_Directions_
Write out exactly the lines below starting at the one containing "Eminence eye cream" and ending at the one containing "Pressure Plug 11104". Omit every picture.

_Material to process_
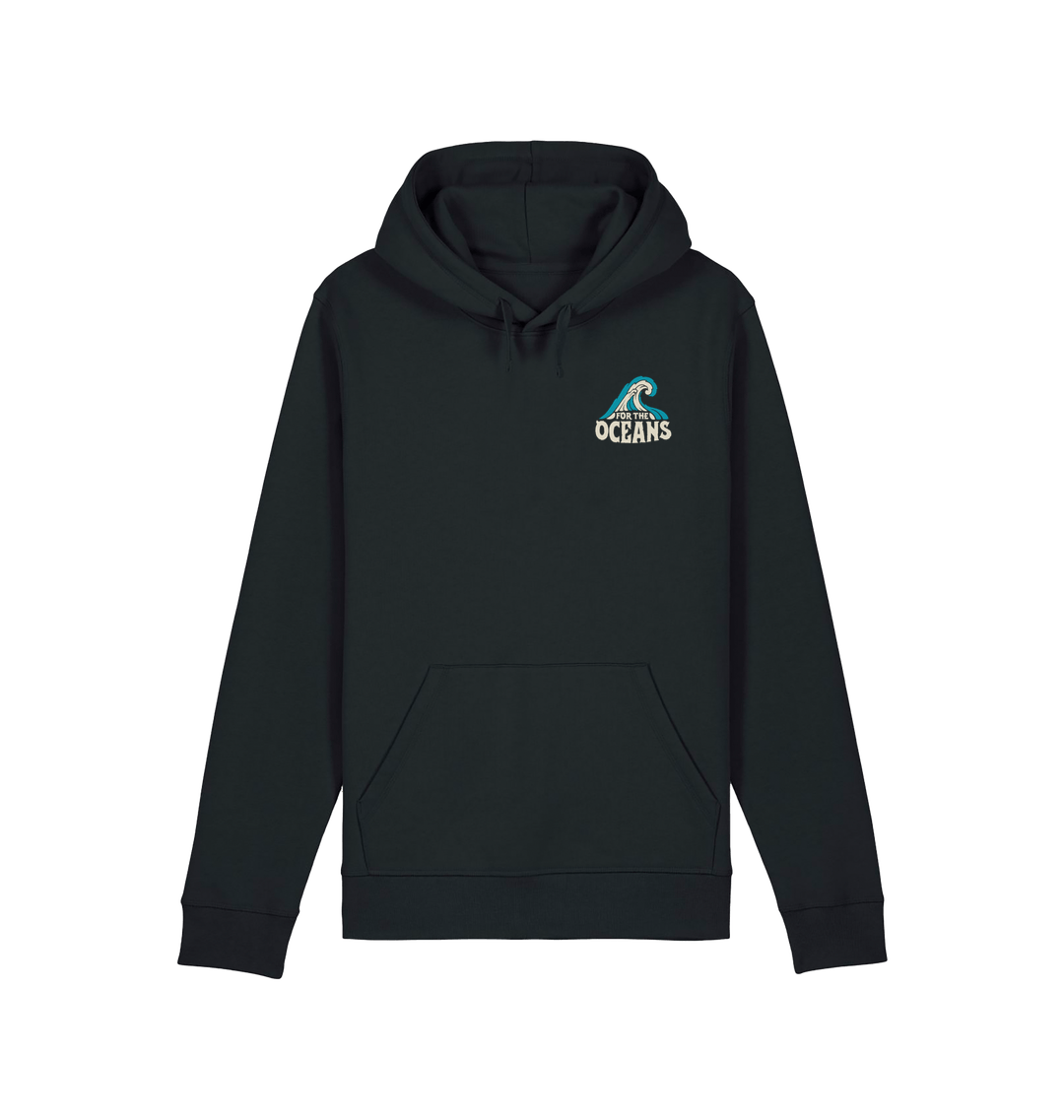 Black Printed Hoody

--

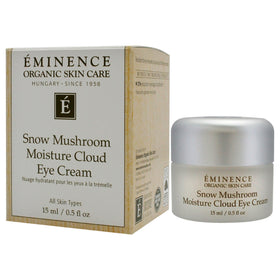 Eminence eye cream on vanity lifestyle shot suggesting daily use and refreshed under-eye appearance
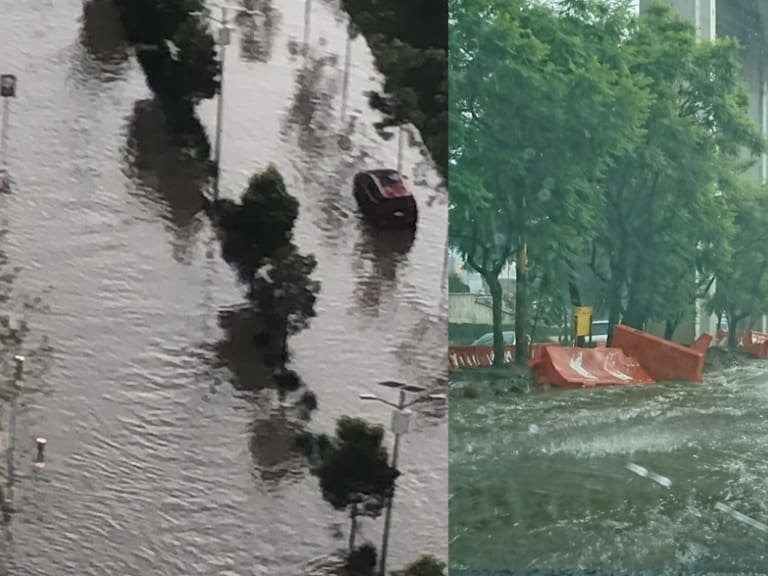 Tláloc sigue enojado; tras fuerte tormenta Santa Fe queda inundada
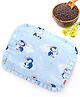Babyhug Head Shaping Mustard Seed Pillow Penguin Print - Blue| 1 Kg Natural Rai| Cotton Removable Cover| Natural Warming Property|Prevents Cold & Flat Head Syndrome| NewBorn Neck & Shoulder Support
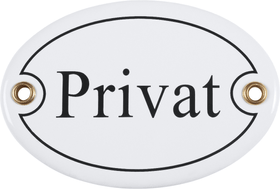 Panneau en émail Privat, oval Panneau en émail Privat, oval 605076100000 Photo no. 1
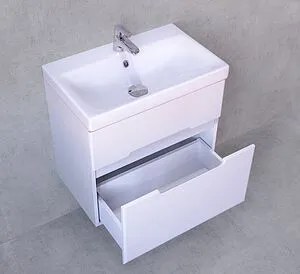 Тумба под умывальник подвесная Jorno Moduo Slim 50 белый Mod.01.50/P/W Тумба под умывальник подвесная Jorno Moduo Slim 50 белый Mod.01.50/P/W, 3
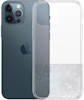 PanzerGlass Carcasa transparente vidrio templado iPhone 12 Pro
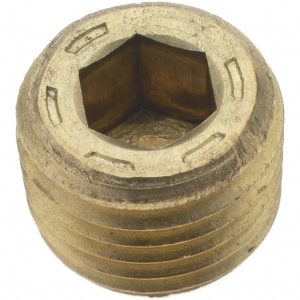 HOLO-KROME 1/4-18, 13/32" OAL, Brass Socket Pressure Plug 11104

---

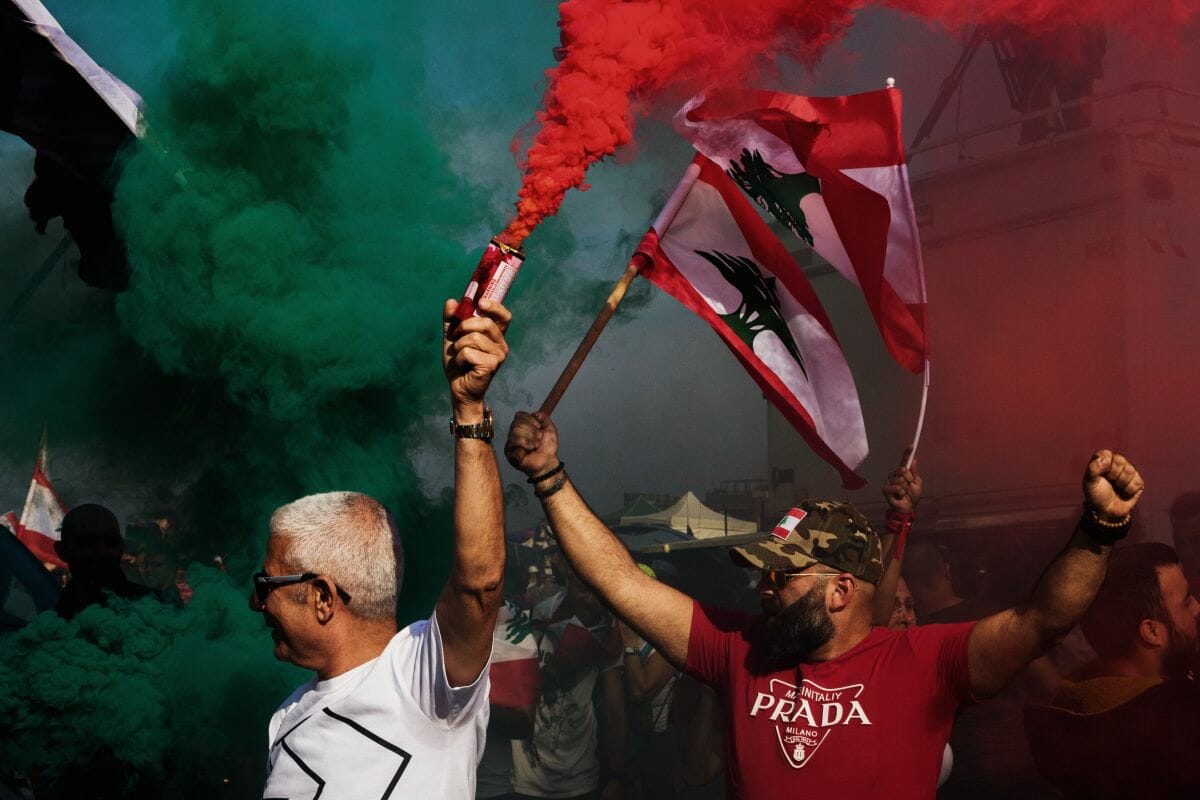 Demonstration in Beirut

_Written reply_
 Eminence eye cream on vanity lifestyle shot suggesting daily use and refreshed under-eye appearance
 Tláloc sigue enojado; tras fuerte tormenta Santa Fe queda inundada
Babyhug Head Shaping Mustard Seed Pillow Penguin Print - Blue| 1 Kg Natural Rai| Cotton Removable Cover| Natural Warming Property|Prevents Cold & Flat Head Syndrome| NewBorn Neck & Shoulder Support
 Panneau en émail Privat, oval Panneau en émail Privat, oval 605076100000 Photo no. 1
 Тумба под умывальник подвесная Jorno Moduo Slim 50 белый Mod.01.50/P/W Тумба под умывальник подвесная Jorno Moduo Slim 50 белый Mod.01.50/P/W, 3
 PanzerGlass Carcasa transparente vidrio templado iPhone 12 Pro
 HOLO-KROME 1/4-18, 13/32" OAL, Brass Socket Pressure Plug 11104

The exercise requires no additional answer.